Сравнительный анализ цен ручных или мануфактурных товаров и тех же товаров, произведённых машинами, даёт в общем тот результат, что в машинном продукте часть стоимости, переходящая от средств труда, относительно возрастает, но абсолютно уменьшается. То есть её абсолютная величина уменьшается, но её величина в отношении ко всей стоимости продукта, например фунта пряжи, увеличивается». Иными словами, в стоимости определённого товара, если он изготовлен с применением машин, больше удельный вес той стоимости, что была создана прошлым трудом, воплотившись в средствах производства, – и теперь она переносится со средств производства на продукт труда; и, соответственно, меньше удельный вес той части стоимости, что создана «живым» трудом. Машина экономит «живой труд», рабочую силу, вытесняя работников из производства, но «…хотя бы машина и стоила столько же, сколько замещаемая ею рабочая сила, тем не менее овеществлённый в ней труд всегда меньше замещаемого ею живого труда» – иначе бы и не было смысла её применять! У Д. Рикардо в его «Principles of Political Economy» это звучит так: «Эти немые агенты (машины) всегда являются продуктом гораздо меньшего труда, чем тот, который они замещают, хотя бы они имели совершенно такую же денежную стоимость» (цитата в «Капитале»).
Но при капитализме проблема состоит в том, что машина – в руках капитала – должна замещать не труд, но приобретённую капиталистом рабочую силу, которая может быть дешевле или дороже, – и данное обстоятельство при капитализме определяет сферу применения машин, любой современной техники. Маркс в своей книге приходит к формулированию принципа капиталистического применения машин. «Если рассматривать машины исключительно как средство удешевления продукта [как это имеет место быть при социализме – К. Д.], то граница их применения определяется тем, что труд, которого стоит их производство, должен быть меньше того труда, который замещается их применением. Однако для капиталиста эта граница очерчивается более узко. Так как он оплачивает не применяемый труд, а стоимость рабочей силы, то для него применение машин целесообразно лишь в пределах разности между стоимостью машины и стоимостью замещаемой ею рабочей силы». Во втором издании «Капитала» было сделано дополнение (в примечании): «Поэтому в коммунистическом обществе машины нашли бы совершенно иную арену, чем в буржуазном обществе».
Применять современные машины капиталистам выгодно лишь при дорогой рабочей силе; напротив, чем рабочая сила дешевле, тем менее капиталисты заинтересованы в применении машин. Им выгоднее нанять с пяток или десяток каких-нибудь индонезийцев или филиппинцев (китайцев приводить в пример теперь не очень правильно, с ними такое уже не проходит – в КНР стоимость рабочей силы порядком уже выросла), чем установить промышленного робота. Поэтому перенос промышленного производства в бедные и отсталые страны с дешёвой рабочей силой чрезвычайно препятствует внедрению передовой техники во всемирном масштабе.

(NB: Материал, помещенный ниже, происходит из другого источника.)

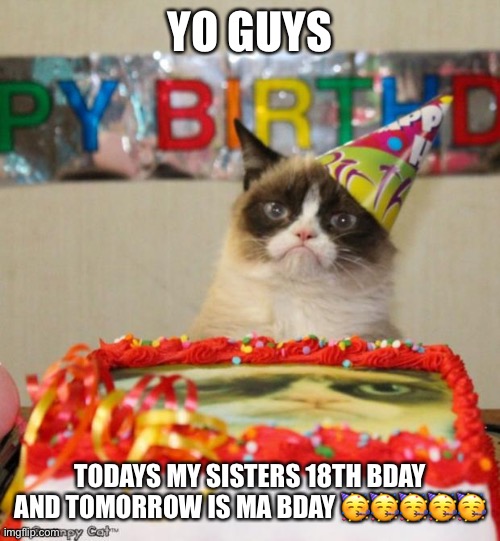 AM EXITED FOR MY BDAY TMRW :D | YO GUYS; TODAYS MY SISTERS 18TH BDAY AND TOMORROW IS MA BDAY 🥳🥳🥳🥳🥳 | image tagged in memes,grumpy cat birthday,grumpy cat | made w/ Imgflip meme maker
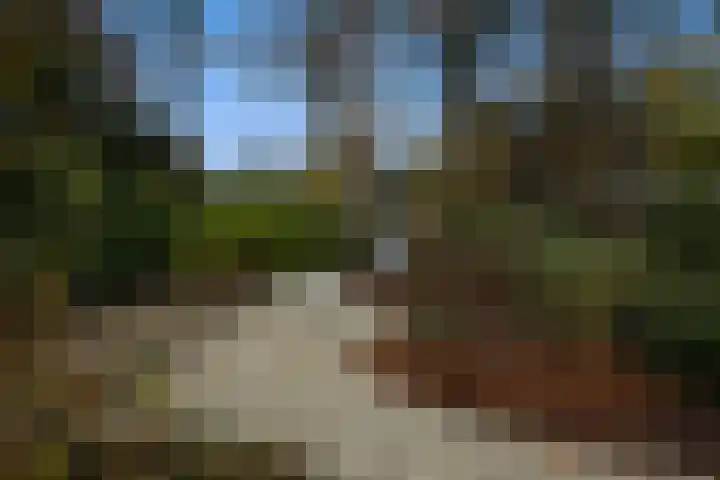 Sparrenlaan 15 A Epe thumbnail 55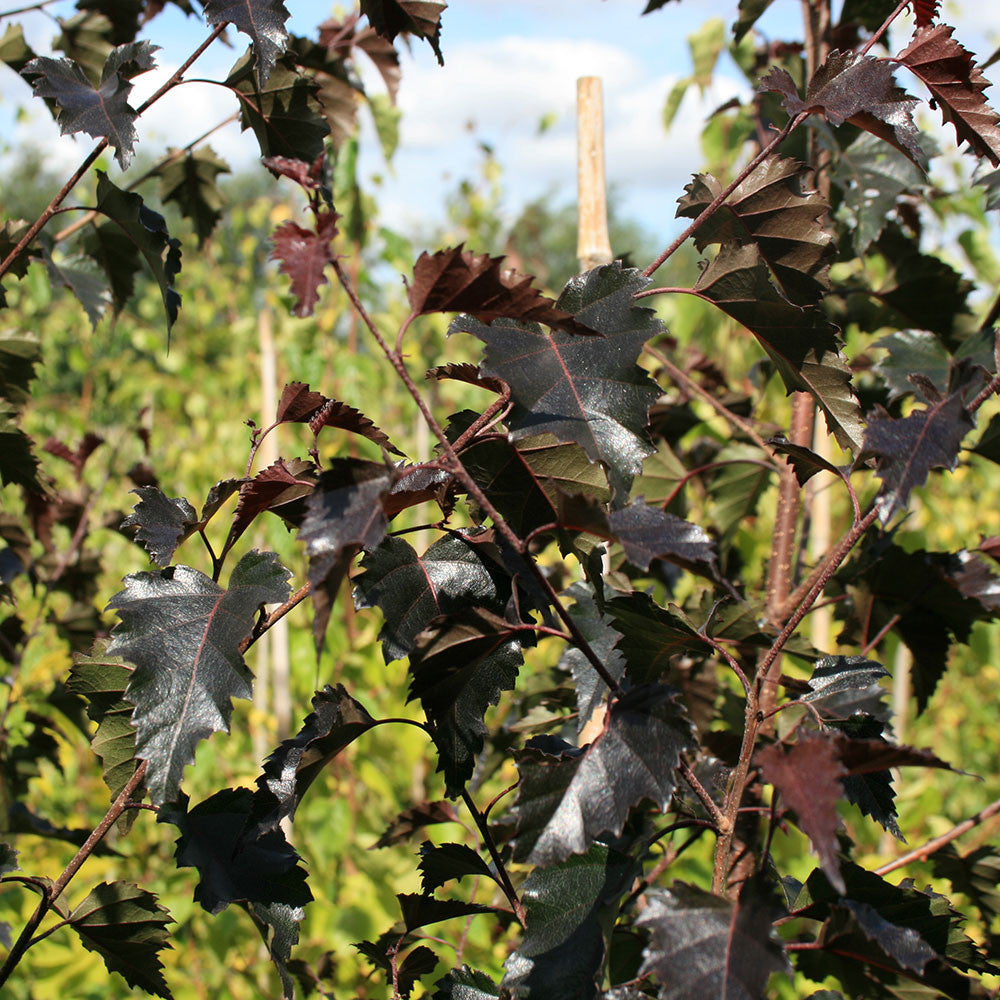 Betula Purpurea - Foliage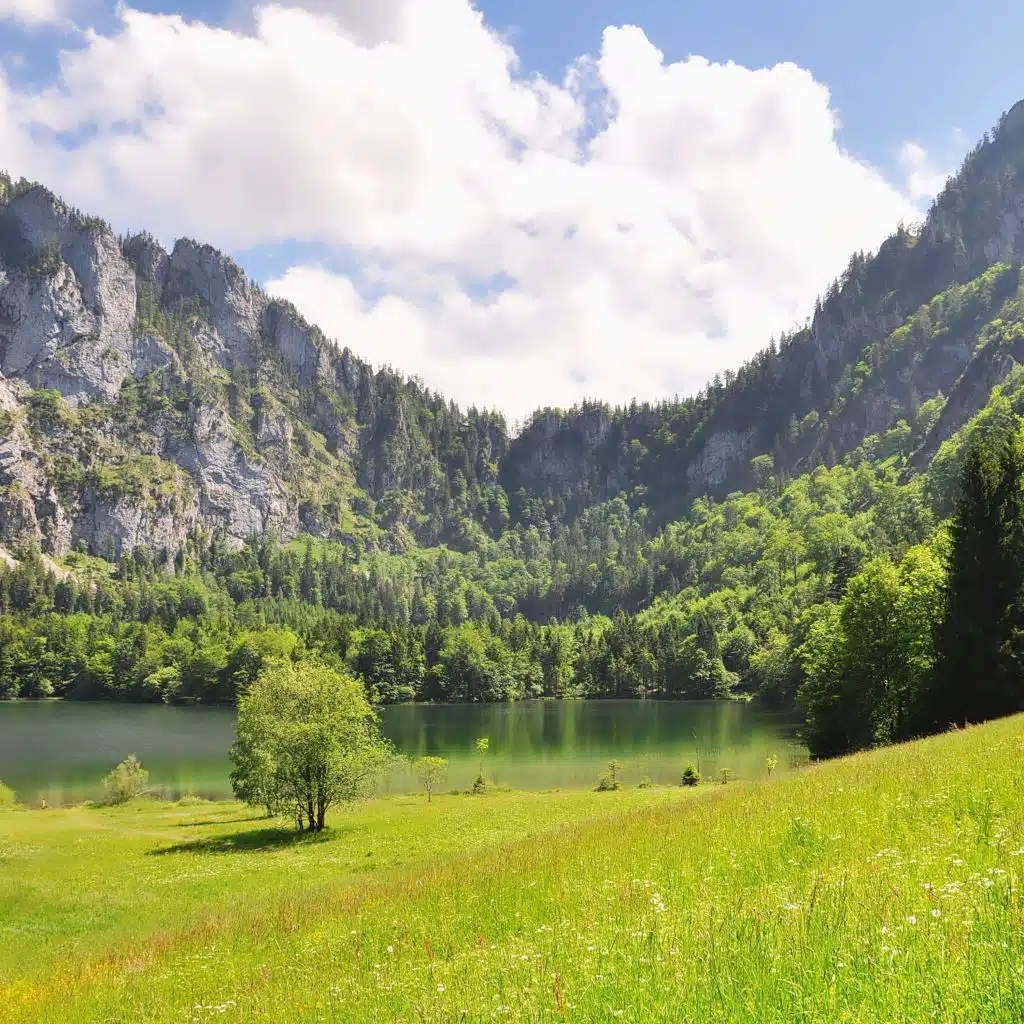 Peaceful Forest Of Mind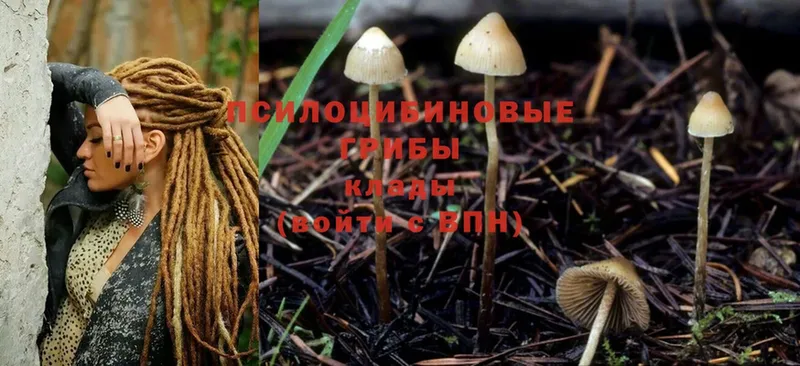 гидра сайт  Истра  Псилоцибиновые грибы Psilocybine cubensis 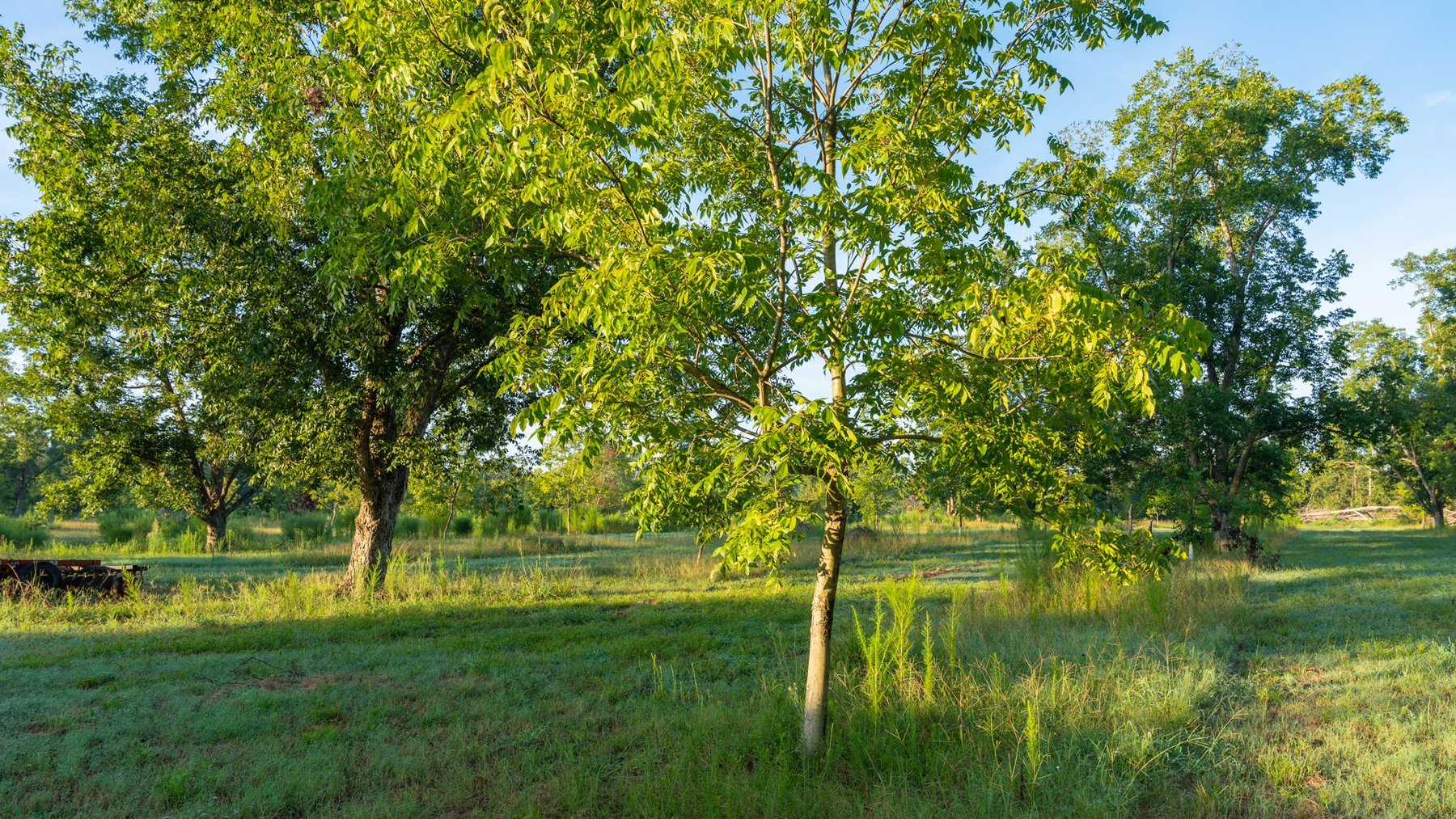 Image for 163± Acres - Chason Orchard - Ideal for Residential Homesites, Estate Lots & Expansion Opportunities - Irrigated Orchard with Home, Ample Frontage & Wooded Tracts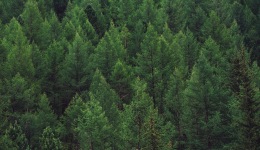 林业碳汇将铺开，权益保障和监管情况如何？听听法学家怎么说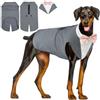 Hjyokuso Vestiti Per Cani, Abito Smoking Per Cani, Papillon Cane, Costume Cane Per Cani Di Taglia Piccola Media Grande, Vestito Natale CaneVestito Cane Per Compleanni Matrimoni e Halloween - (S-2XL)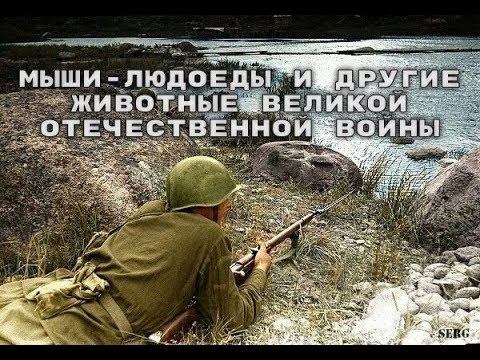 Мыши-людоеды и другие животные Великой Отечественной войны смотреть онлайн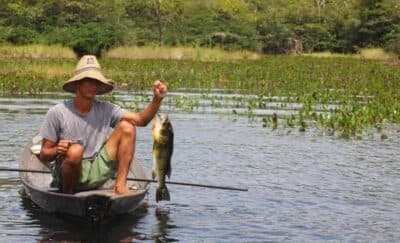 Auxílio Extraordinário para Pescadores (Foto: Reprodução / Internet)
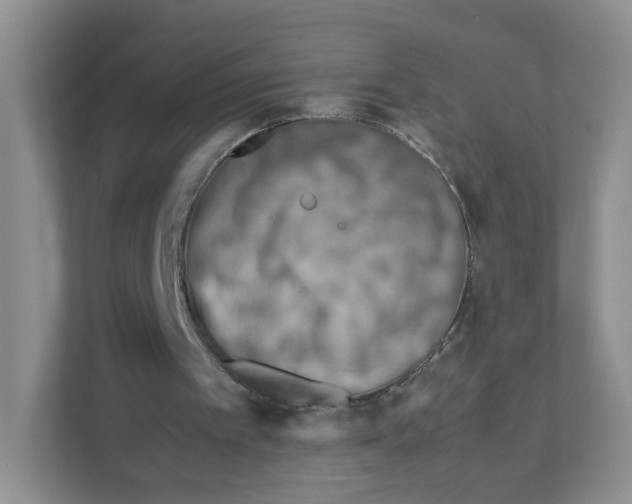 X0000111190097200907291212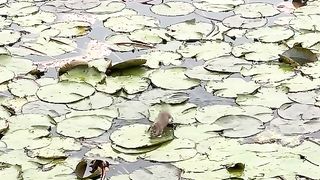 Rat waking on water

«Машины… часто не могут найти применения до тех пор, пока труд (он имеет в виду заработную плату) не повысится», – К. Маркс цитирует Д. Рикардо.
В старинной ремесленной мастерской и в мануфактуре трудились взрослые мужчины, тогда как женщины вели домашнее хозяйство. Именно внедрение машин расширило применение женского и детского труда: «Поскольку машины делают мускульную силу излишней, они становятся средством для того, чтобы применять рабочих без мускульной силы или с недостаточным физическим развитием, но с более гибкими членами. Поэтому женский и детский труд был первым словом капиталистического применения машин». Рабочая сила женщин и детей дешевле рабочей силы взрослых мужчин (меньше их потребность в жизненных средствах), что уже несёт выгоду капиталу. Более того, приход женщин и детей на фабрику расширяет предложение рабочей силы, удешевляя этим её. Эксплуатация детей и женщин хороша капиталу ещё и тем, что дети и слабый пол меньше, чем взрослые, здоровые мужики, способны оказывать сопротивление капиталу, отстаивая свои права и интересы. Во времена Маркса в английской промышленности дети (начиная с возраста 5–7 лет!) составляли третью часть рабочей силы. Часто имели место быть такие периоды, когда мужчинам найти работу было сложнее, чем женщинам и детям, отчего возникала позорная ситуация: именно дети становились кормильцами в семьях, тогда как их папаши исполняли роль «домохозяек»! Лишь последующее социально-экономическое развитие привело к тому, что производство потребовало более образованной рабочей силы, было введено всеобщее школьное образование, детский труд в развитых странах был вытеснен и запрещён, – однако он остаётся и сегодня нормой в бедных странах, проходящих достаточно ранние ступени развития капитализма. Работающих детей сегодня в мире больше, чем безработных взрослых.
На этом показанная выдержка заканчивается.